Esto es para los más valientes, me ha salido en un texto la palabra “chazo”, en el diccionario español dice: 
*chazo1.** 1. m. Can.* Pedazo, remiendo
*2.* m nudillo(ǁ zoquete de madera
¿cómo demonios la traduzco al inglés?


----------



## PPC

Como siempre, debes dar mas contexto.


----------



## Eugin

MVPXXL said:


> Esto es para los más valientes, me ha salido en un texto la palabra “chazo”, en el diccionario español dice:
> *chazo1.** 1. m. Can.* Pedazo, remiendo
> *2.* m nudillo(ǁ zoquete de madera
> ¿cómo demonios la traduzco al inglés?


 
¡Hola!
Se ve que eres nuevo en el foro y por eso te recomiendo que dispongas de unos minutos para leer las reglas del foro, para poder manejarte mejor en él a la hora de hacer tus consultas. Acá tienes el link para las reglas. 
Por lo tanto, necesitamos la oración entera, y un poco de contexto, para poder darte la traducción más precisa, de acuerdo al sentido de la oración.

Espero que sepas entender. Saludos


----------



## MVPXXL

Sorry, ahora ya lo he leído(las normas).
la frase:
"Ajustar el tonel con el chazo con pequeños golpes"
Creo que es una especie de cincel para ajustar los toneles de vino, o algo así.
Perdón de nuevo, por el post y el tipo de consulta, toda ayuda es bienvenida thank you


----------



## araceli

Hola:

Encontré este enlace que explica cómo se usa el chazo:

http://www.elgrifo.com/trabajos1a.htm

chazo = poedor = refilador

Ahora hay que encontrar la traducción...

Trasladé esta consulta al foro se Specialized Terminilogy.


----------



## MVPXXL

Gracias Araceli, me has ayudado de veras


----------



## araceli

De nada, pero todavía no apareció la palabra en inglés...


----------



## mora

Hola 

Creo que es tipo de cincel (ing. 'chisel') o posiblemente tipo de cepillo (ing. 'plane').

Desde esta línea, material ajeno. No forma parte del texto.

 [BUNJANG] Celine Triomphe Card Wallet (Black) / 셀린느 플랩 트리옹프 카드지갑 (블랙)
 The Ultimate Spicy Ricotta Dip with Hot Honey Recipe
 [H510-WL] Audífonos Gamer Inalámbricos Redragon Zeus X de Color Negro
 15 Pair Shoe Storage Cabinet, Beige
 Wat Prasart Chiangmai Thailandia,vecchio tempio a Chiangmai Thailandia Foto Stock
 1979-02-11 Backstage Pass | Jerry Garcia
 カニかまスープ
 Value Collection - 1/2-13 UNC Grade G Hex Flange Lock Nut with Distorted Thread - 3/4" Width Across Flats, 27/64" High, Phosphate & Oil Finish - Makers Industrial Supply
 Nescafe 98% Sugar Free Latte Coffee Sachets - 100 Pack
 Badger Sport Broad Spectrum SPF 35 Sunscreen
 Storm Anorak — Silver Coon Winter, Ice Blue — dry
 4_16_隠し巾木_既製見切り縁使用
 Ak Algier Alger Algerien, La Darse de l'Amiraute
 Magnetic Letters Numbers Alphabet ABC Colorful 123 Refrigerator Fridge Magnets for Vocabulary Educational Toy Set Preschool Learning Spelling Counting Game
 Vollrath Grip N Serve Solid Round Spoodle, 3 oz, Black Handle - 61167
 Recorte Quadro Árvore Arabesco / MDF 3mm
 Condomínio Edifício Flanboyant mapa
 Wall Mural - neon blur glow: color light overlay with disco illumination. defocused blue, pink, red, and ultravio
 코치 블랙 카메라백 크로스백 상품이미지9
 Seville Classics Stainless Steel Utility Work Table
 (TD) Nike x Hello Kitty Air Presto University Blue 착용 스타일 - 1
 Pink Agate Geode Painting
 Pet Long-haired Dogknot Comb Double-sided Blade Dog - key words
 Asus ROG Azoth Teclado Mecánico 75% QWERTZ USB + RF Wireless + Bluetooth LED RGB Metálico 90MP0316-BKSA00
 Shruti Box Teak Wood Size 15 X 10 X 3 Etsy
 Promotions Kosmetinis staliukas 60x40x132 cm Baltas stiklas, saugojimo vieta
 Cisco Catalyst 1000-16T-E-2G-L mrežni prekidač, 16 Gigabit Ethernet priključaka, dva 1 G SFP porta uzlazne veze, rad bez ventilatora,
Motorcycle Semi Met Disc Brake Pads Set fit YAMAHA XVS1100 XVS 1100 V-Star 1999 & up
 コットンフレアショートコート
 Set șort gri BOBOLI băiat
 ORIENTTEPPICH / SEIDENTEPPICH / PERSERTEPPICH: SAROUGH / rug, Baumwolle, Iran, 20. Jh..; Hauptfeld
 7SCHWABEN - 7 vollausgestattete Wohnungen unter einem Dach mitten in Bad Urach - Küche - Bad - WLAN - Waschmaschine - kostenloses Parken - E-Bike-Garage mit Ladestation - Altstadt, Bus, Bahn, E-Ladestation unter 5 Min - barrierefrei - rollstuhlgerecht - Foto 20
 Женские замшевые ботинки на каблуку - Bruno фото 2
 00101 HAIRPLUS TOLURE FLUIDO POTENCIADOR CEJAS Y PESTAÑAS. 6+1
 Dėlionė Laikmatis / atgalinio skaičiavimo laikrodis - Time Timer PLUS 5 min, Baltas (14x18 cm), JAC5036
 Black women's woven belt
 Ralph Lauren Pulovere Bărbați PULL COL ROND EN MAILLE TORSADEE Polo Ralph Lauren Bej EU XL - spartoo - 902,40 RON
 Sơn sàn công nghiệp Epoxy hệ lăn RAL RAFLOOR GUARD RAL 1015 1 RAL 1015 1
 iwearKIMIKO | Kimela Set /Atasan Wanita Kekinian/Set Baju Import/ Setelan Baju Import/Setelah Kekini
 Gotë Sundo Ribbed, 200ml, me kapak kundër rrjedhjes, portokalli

Refilador significa 'plane' or 'trimmer', pero no se usa este con martillo, se usa cincel con martillo. 

Mora


----------



## usuarios

dowel, puede ser


----------



## KingsFlautist

Chazo SI es DOWEL que habla de la cosita plástica o de madera que se mete en el ollo en la pared donde quieres poner un clavo pero el clavo no agarra bien en la pared. Se mete el chazo primero y luego el clavo o más bien el tornillo y queda fijo en la pared.  Por qué no borran esos posts que no sirven, para poder encontrar la respuesta más rápidamente. Gracias a "Usuarios" por la respuesta que buscaba yo.


----------



## RichardII

Todos intentaron ayudar así que no creo que sea correcto pedir que borren los posts que quisieron ayudar. Además "Ollo" no existe, mas bien quiso usted decir "Hoyo". Ojo con la ortografía.


----------